たとえばサッカー日本代表が日本サッカー協会JFA)からだけでなく、他の国内組織から「こっちのほうが日本代表だ!」と揉め事になるとたしかに問題です。国際組織も、1カ国で1つの競技団体となるよう指導しているのは、昨今のバスケ業界を見てもあきらかですね。
 
この「競技団体」はある種固有名詞です。英語で略表記されると「NF」(National Federationの略)といってスポーツ関係者では常識的な略称として扱われています。ちなみに国際競技連盟「IF」(International Federationの略)で、これも固有名詞かつ業界常識になってます。
 

◎NFの使命(ミッション)は

NFが担うミッションは、その国内での
 ①競技スポーツの普及・育成
 ②日本代表の組織
 ③国内トップリーグ/選手権等の競技性の高い競技会の運営
が、重要な役割だと私は思っています。
 
認知を広げること・資金調達はそのための手段となれど、上記はその他の組織や団体に任せっきりになってはいけないNFの仕事だと思っています。
 
「山高く、裾広く」なれば、NFではない別のプレイヤー(担い手)が何らかの役割を担い、補います。

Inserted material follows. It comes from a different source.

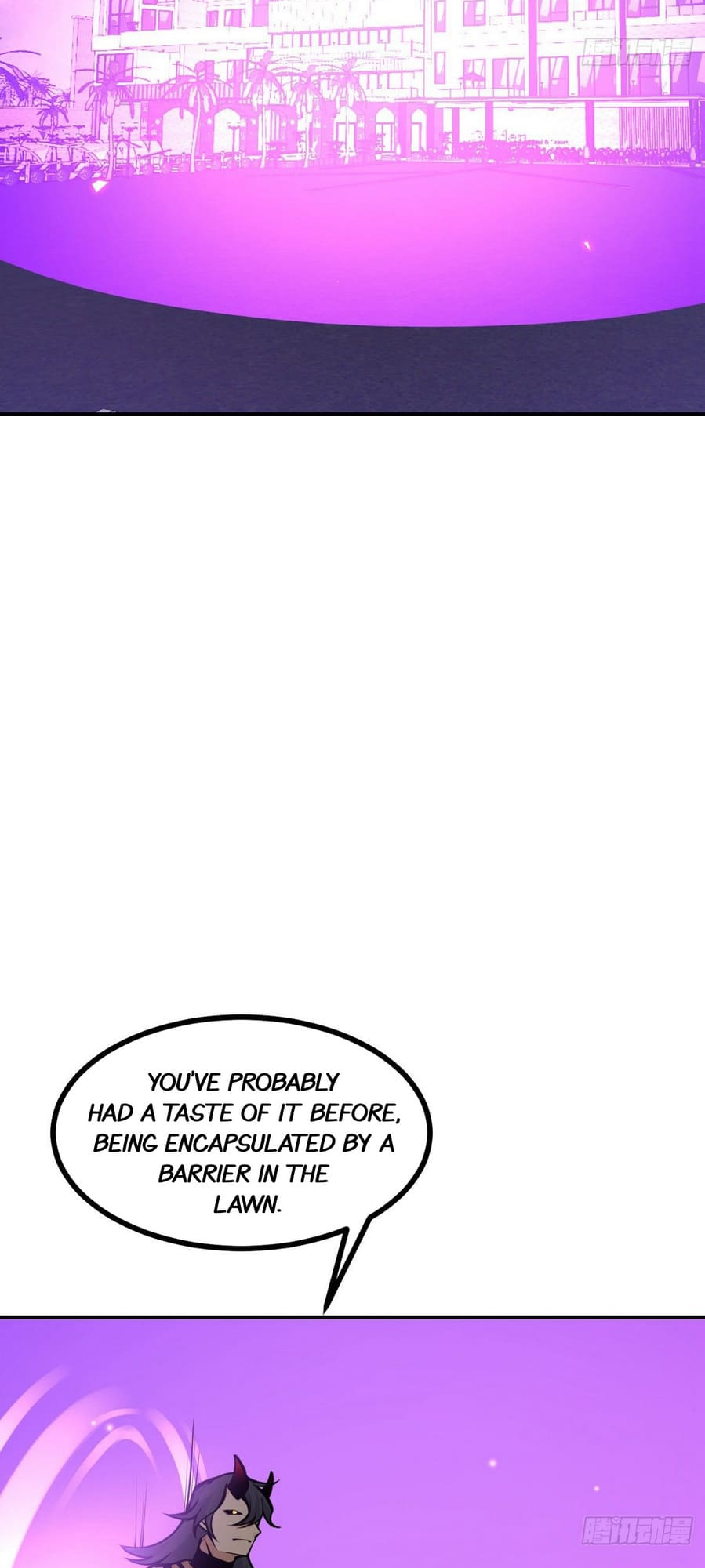 Log in With Max Level chapter 46 page 13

サッカーでいえば、JFAが直接子どもの指導をする範囲は限定している代わりに、地方競技団体や地域のサッカークラブ、Jリーグ下部組織などが普及にあたります。JFAは子どもを指導する指導者育成を通じて、普及を担っています。
 
各NFによって、裾野の広さや財務状況、組織ケイパビリティなどに応じて、事業展開は異なるものの、優先順位の高い使命は上記3点と思います。
 

◎日本ブラインドサッカー協会はその他のことに口を出している

「日本ブラインドサッカー協会の仕事はなにか?」と聞かれた時、ミッションとして上記のような競技団体運営があります。
とはいえ、ブラインドサッカーのように、ニッチで潜在競技人口も少ない場合、競技団体としてのミッションを果たすためには、NFとしての組織のあり方だけでは脆弱すぎます。
 
だから、日本ブラインドサッカー協会(JBFA)は、その他のことに口も手も出しています。
それは、競技を担っていく存在ではない方に向けて、事業を行っているということ。
 
ブラインドサッカーというスポーツを知ってほしいからイベントや出前授業などを行っている」
 
ようにも思われていて、それは一つの意味としては正しいです。
 
ですが、「混ざり合う社会」というビジョンを本当に実現しようとし、また、そのために組織のキャパシティビルディングをしていくとするならば、この競技団体の純粋なミッションを超えていこうとする動きがキモになります。ブラインドサッカーという「競技」ではなく「スポーツ」が、スポーツ業界をこえたいろいろな生態系とつながる。そのことで、人・資金・モノが健全に動くのです。
 
競技団体としての日本ブラインドサッカー協会。
ソーシャル・ベンチャー(社会変革組織)としての日本ブラインドサッカー協会。
 
この2つの視点から日本ブラインドサッカー協会とブラインドサッカーを見てほしい、解釈してほしいな、と思います。